A Conversation for Wormholes and Black Holes
Lawn Gnome [A.K.A. Math Atheist] Started conversation Sep 9, 2001
I realize that everything about black holes make sense in theory, but I seem to remember reading somewhere that we don't have any solid proof that black holes actually exist. Well . . . by proof I mean visual accounts. If anyone can tell me, or direct me to some source of information, I'd be grateful.
Veejay Posted Sep 26, 2001
If by proof you mean whether someone has seen one or touched one--the answer is no. It is a concept about which physicists are getting proof.The main reason being you cannot see it coz as you must know light too doesnt escape it. But black holes emit radiation. How radiation escapes is a different story altogther. You can observe this radiation and determine whether it is coming from a black hole or a pulsar or a neutron star etc. Further if this radiation seems to originate from a seemingly small realm in space then u can remove a lot of possibilities.

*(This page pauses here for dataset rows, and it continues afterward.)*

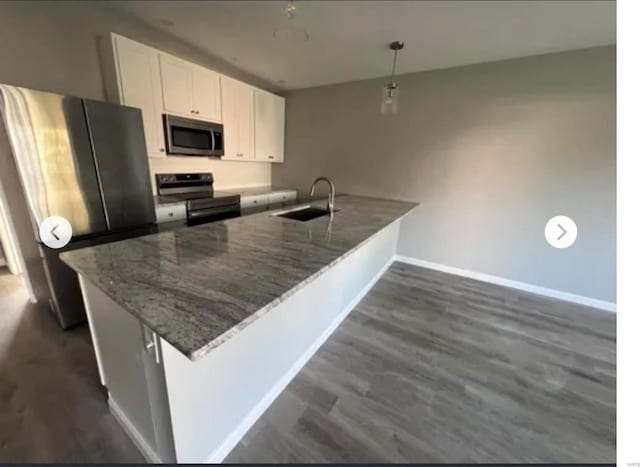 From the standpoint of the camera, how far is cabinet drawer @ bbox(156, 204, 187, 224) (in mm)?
2662

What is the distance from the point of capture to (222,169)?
387cm

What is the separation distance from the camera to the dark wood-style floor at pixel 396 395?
1.35 metres

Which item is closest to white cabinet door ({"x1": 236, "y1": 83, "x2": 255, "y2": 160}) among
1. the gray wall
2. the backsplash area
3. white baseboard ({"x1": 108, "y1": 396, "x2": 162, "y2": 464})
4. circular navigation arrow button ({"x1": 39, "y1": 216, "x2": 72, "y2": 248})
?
the backsplash area

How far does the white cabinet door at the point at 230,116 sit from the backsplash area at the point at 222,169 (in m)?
→ 0.30

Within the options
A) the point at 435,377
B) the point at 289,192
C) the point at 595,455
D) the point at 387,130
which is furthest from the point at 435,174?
the point at 595,455

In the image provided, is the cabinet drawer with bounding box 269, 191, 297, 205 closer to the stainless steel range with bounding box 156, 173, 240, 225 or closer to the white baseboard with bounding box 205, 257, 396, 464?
the stainless steel range with bounding box 156, 173, 240, 225

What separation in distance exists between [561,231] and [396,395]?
2689 mm

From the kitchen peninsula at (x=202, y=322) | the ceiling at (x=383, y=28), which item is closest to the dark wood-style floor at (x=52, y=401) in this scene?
the kitchen peninsula at (x=202, y=322)

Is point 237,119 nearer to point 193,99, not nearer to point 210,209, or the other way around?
point 193,99

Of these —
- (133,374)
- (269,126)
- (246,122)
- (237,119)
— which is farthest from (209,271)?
(269,126)

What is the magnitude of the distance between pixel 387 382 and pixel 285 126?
13.4 feet

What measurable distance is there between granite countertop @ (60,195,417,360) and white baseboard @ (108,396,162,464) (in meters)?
0.85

There are theories about the creation of tiny black holes which instantaneously appear and disappear. This is supposed to happen in the ionosphere and people are looking at duplicating this phenomenon. When it instantly decays,it should theoretically emit all the know particles.Once this is observed empirically, we might have a solution.
Ztik, the god of dark and shadowy things. Posted Jan 30, 2003
Well there's something I never thought about.

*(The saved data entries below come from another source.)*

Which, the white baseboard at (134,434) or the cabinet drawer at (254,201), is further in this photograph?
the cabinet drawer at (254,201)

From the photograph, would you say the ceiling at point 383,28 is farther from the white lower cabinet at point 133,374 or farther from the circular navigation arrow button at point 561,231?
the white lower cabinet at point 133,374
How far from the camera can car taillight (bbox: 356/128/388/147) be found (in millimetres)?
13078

If light is electromagnetic radiation (which it is), and all electromagnetic radiation travels at the same speed (namely, the speed of light, which it does), how is it that the other forms of radiation can escape, while visible light is trapped? Other than wavelength, intensity, and the other well-known inconsequential differences, I know of no other difference between visible light and the other wavelengths of light. So how in the heck does it escape from a point of infinite mass?
Researcher 224872 Posted Apr 13, 2003
The answer is it doesn't, not from the black hole anyway. It is emmited from just outside the event horizon. One half of a particle anti-particle pair will get absorbed into the black hole, allowing the other to escape and be emitted as radiation.
crumblingkibbles Posted Apr 17, 2003
Okay, for one thing, it is absolutely certain that they exist, if by chance, it is proven otherwise, then our concept of the universe will undergo a drastic change. You are right, there is no DIRECT observational spoof that black holes exist, but imagine an occupied hammock. You may not be able to see the person clearly, but by the shape of the hammock, one can always tell there is a guy lazing around in there. Infact, one can tell weather the person is fat, thin, short, tall, male or female. One can also tell if it is a bunch of stuff dumped there. Ditto with black holes. By the effect of the space around it, and the 'wobble' of nearby stars and planets, we have predicted the presance of high mass objects which are called black holes. For further information, on how one black hole in our milky way can be detected, go here:
NathTheAth Posted Jan 8, 2010
Would this be hawkins radiation? the negative antimatter particle gets drawn into the black hole whilst the posetive matter particle is expelled in the form of radiation?